===== Supplied entries =====

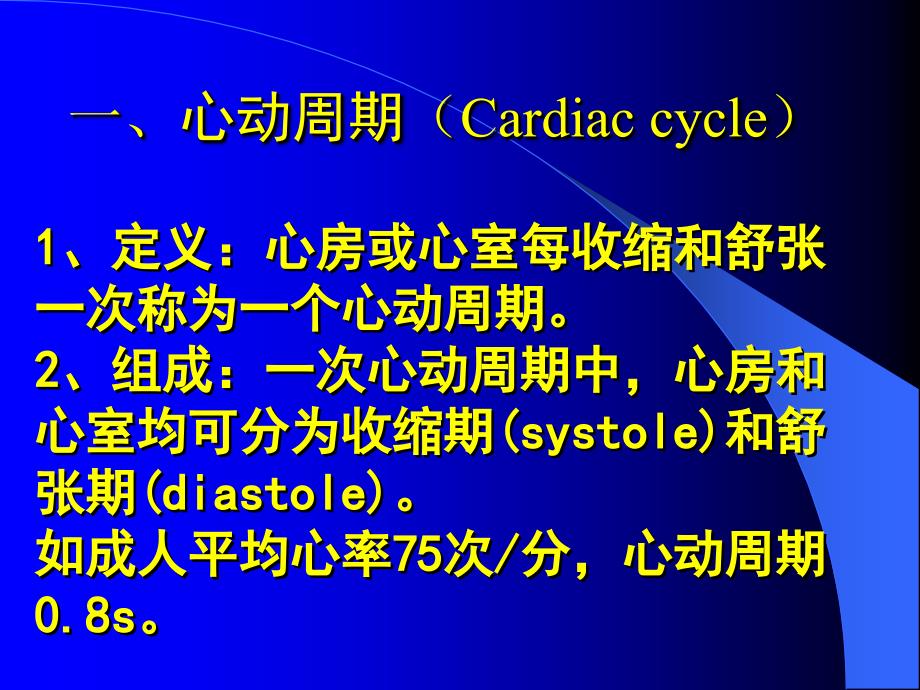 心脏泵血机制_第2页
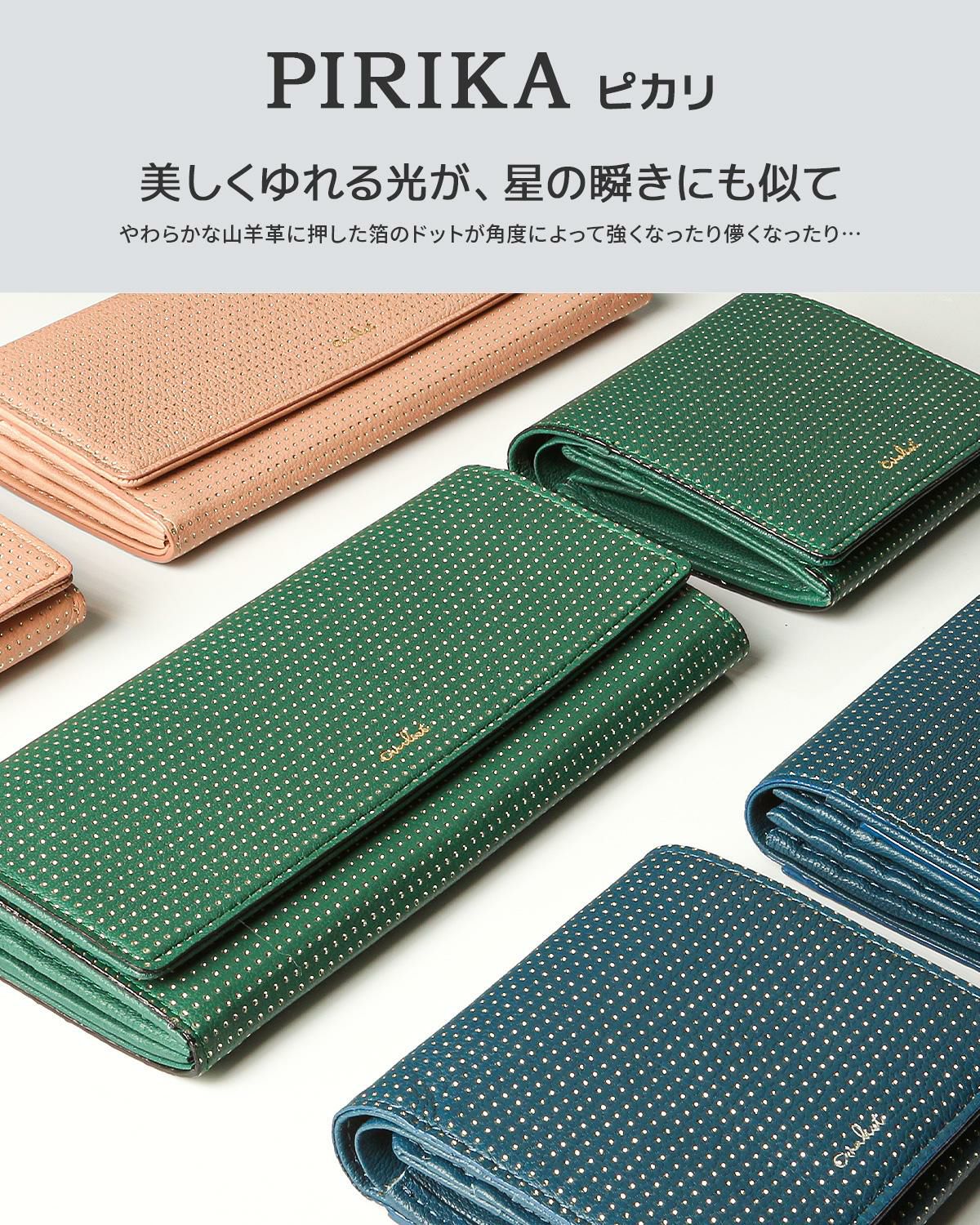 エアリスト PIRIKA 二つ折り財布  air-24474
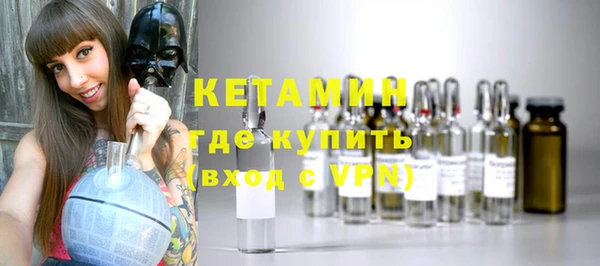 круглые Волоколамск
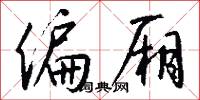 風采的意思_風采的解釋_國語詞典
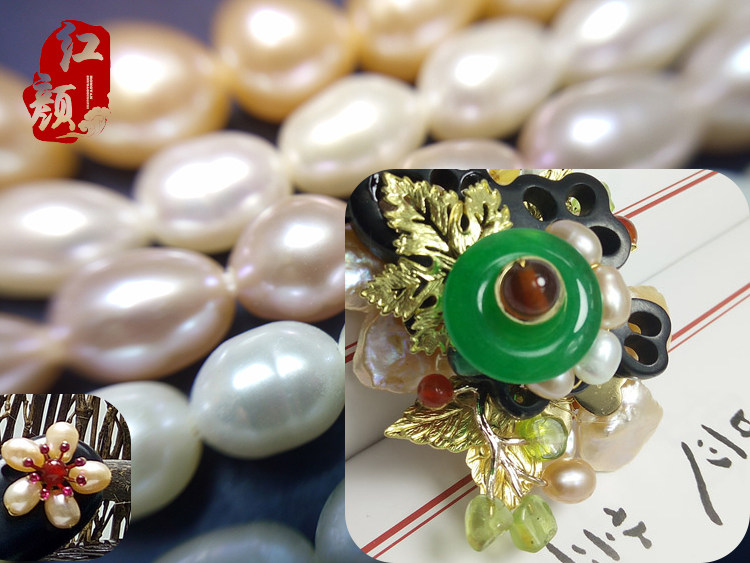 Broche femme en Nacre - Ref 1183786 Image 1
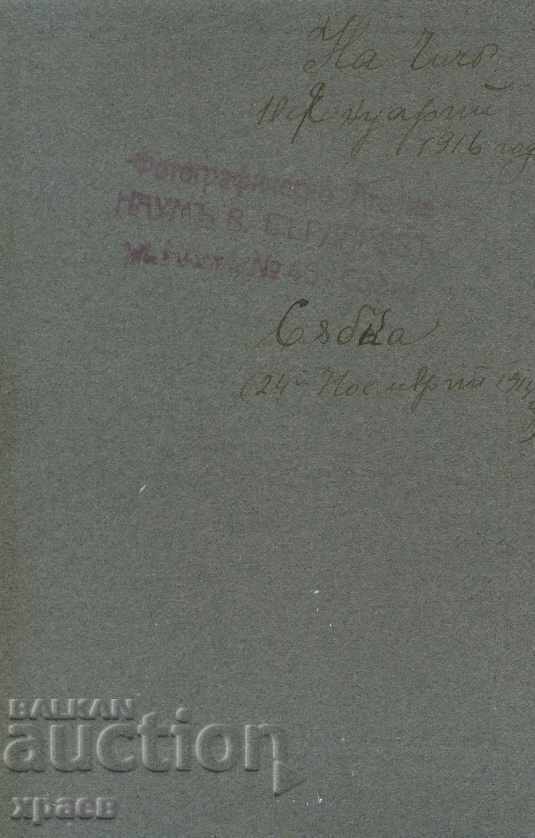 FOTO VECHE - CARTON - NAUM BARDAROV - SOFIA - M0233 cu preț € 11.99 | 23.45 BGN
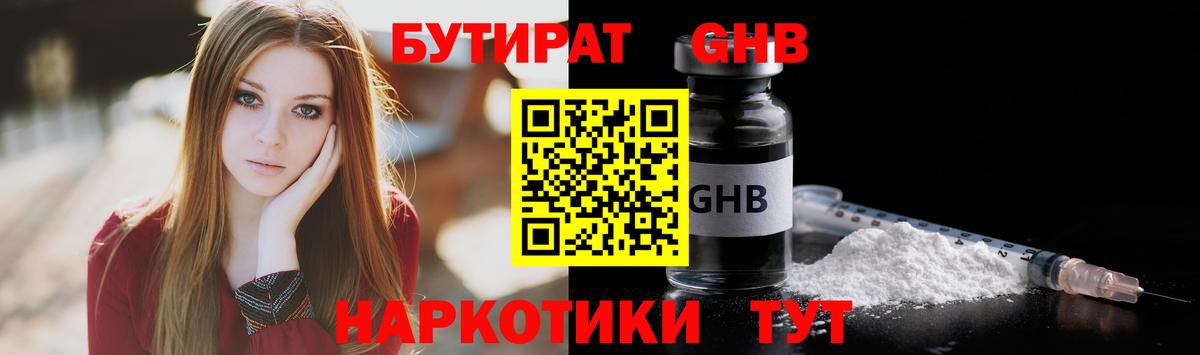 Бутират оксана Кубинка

=====
===== Supplied entries =====

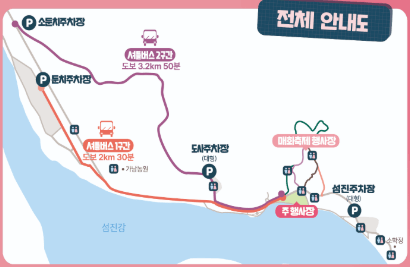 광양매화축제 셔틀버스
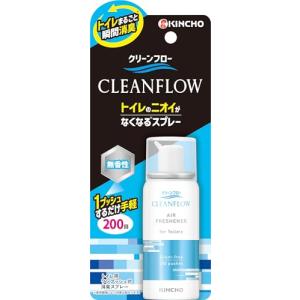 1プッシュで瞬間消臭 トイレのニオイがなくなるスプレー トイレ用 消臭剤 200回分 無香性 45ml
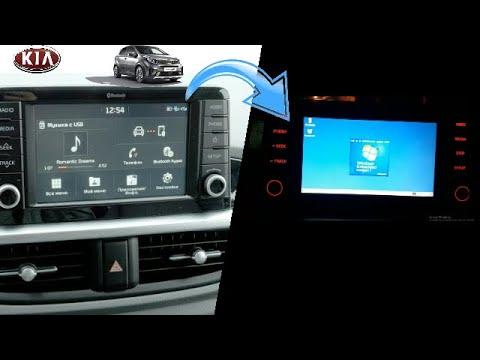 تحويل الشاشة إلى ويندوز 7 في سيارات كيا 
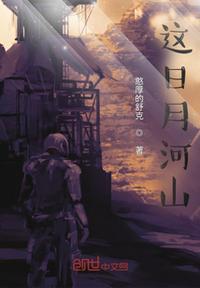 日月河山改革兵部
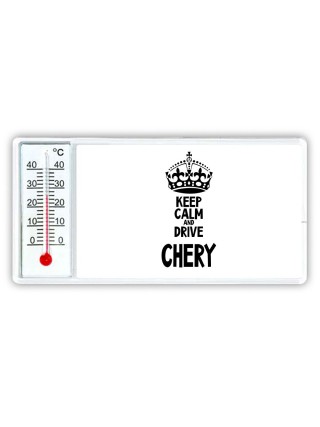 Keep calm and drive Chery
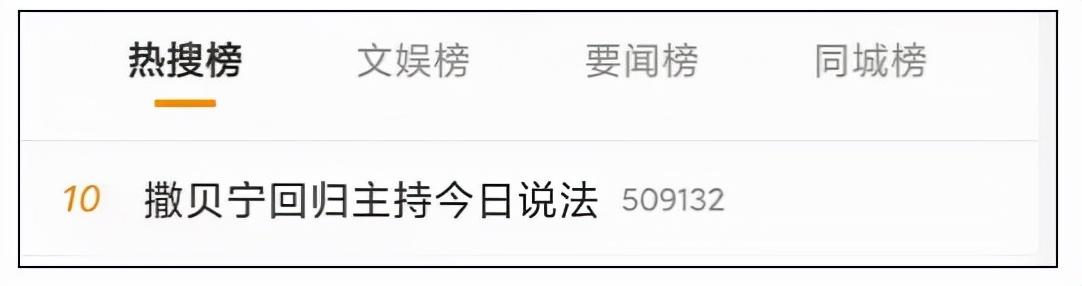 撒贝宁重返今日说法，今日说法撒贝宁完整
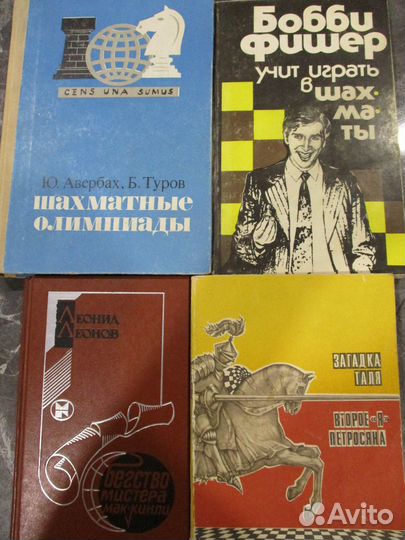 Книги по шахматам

=====

The result should be an exact copy of only the lines above from the one that holds "1プッシュで瞬間消臭 トイレのニオイがなくなるスプレー トイレ用" through the one that holds "Книги по шахматам", both ends included, without pictures.

 1プッシュで瞬間消臭 トイレのニオイがなくなるスプレー トイレ用 消臭剤 200回分 無香性 45ml
 تحويل الشاشة إلى ويندوز 7 في سيارات كيا 
 日月河山改革兵部
 Keep calm and drive Chery
 撒贝宁重返今日说法，今日说法撒贝宁完整
 Книги по шахматам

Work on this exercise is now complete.